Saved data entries

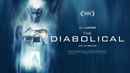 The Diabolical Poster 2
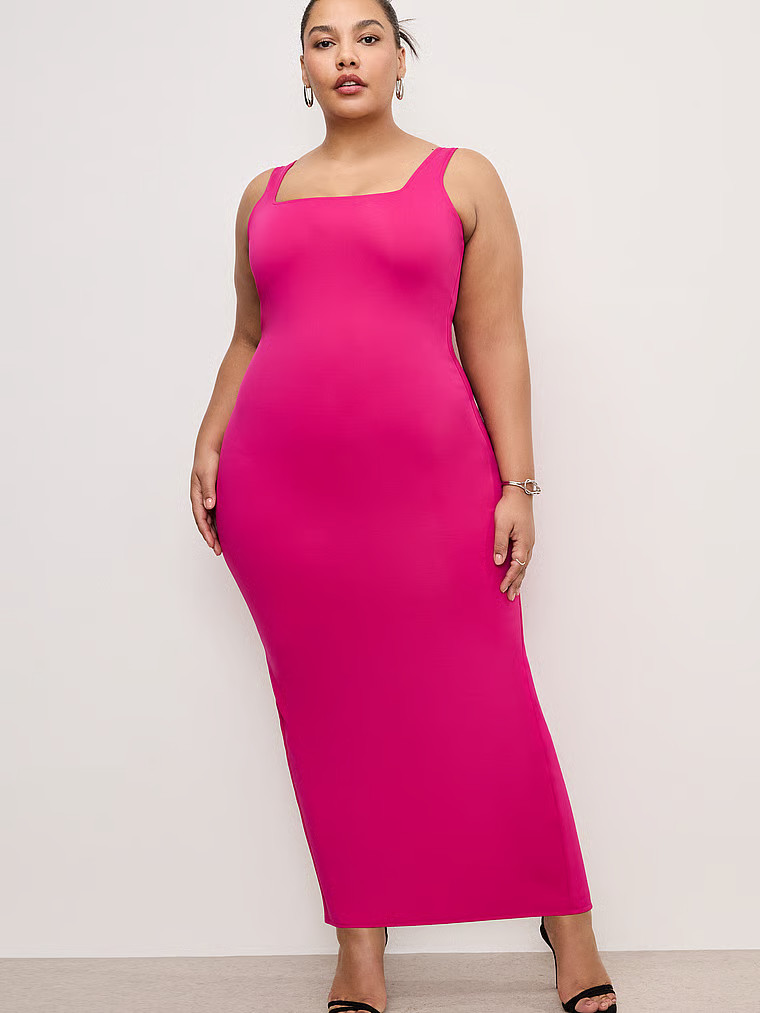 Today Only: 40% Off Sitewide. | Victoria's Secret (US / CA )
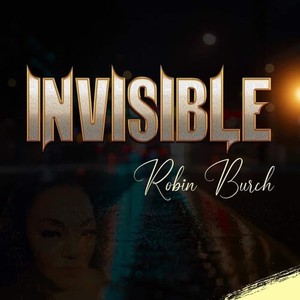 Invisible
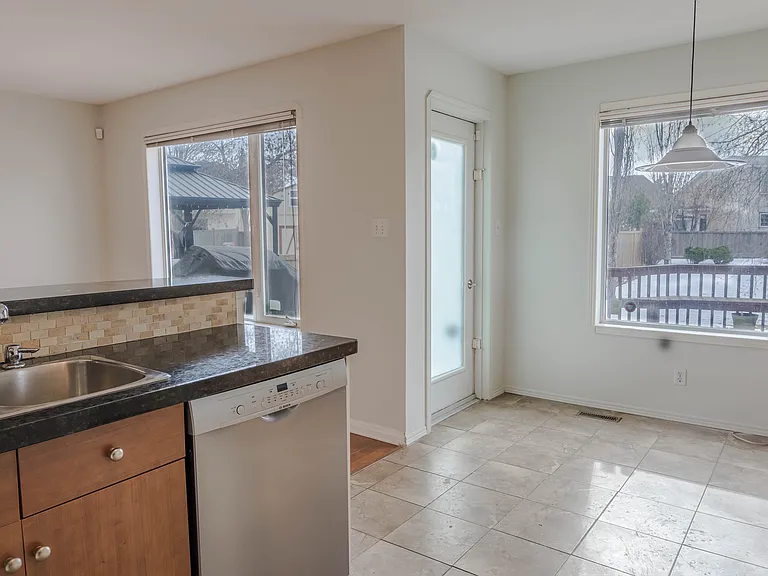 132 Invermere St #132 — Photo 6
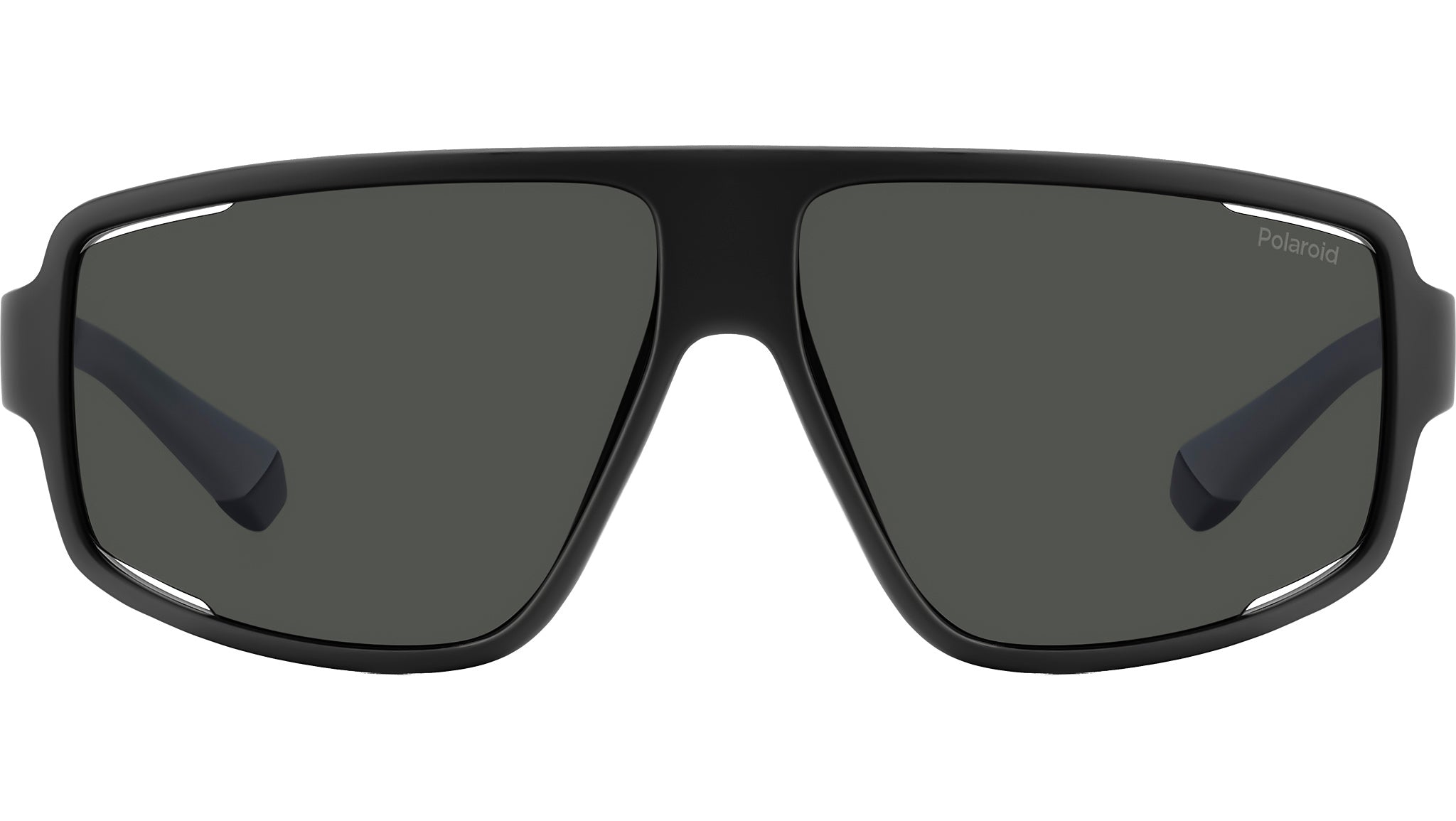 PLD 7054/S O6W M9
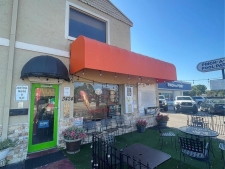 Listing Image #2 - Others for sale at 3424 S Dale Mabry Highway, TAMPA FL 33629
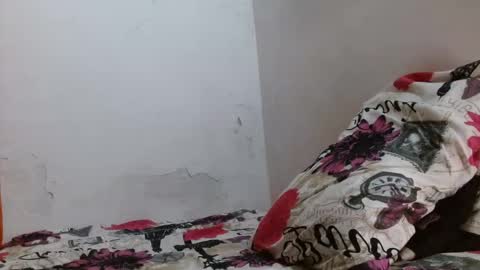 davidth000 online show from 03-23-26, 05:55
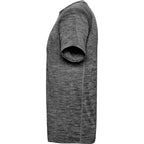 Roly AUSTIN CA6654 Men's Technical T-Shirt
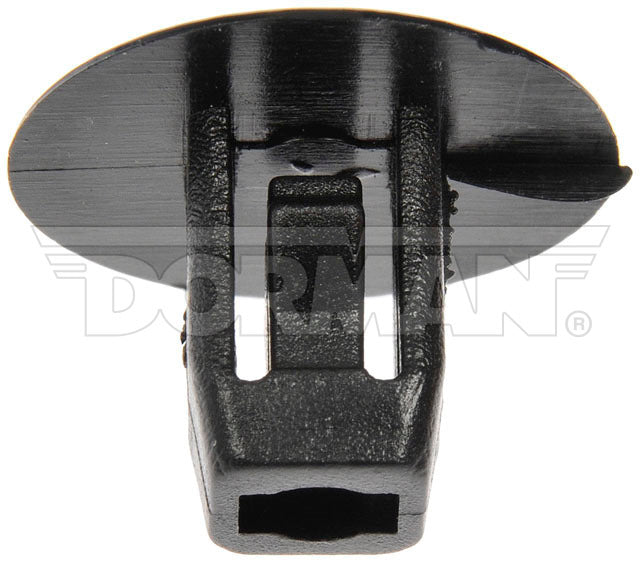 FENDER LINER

● EXERCISE DESCRIPTION
From the line holding "132 Invermere St #132 — Photo 6" down to the final line of the entries above, print every line exactly. Pictures do not go in.

● ANSWER SECTION
 132 Invermere St #132 — Photo 6
 PLD 7054/S O6W M9
 Listing Image #2 - Others for sale at 3424 S Dale Mabry Highway, TAMPA FL 33629
 davidth000 online show from 03-23-26, 05:55
 Roly AUSTIN CA6654 Men's Technical T-Shirt
 FENDER LINER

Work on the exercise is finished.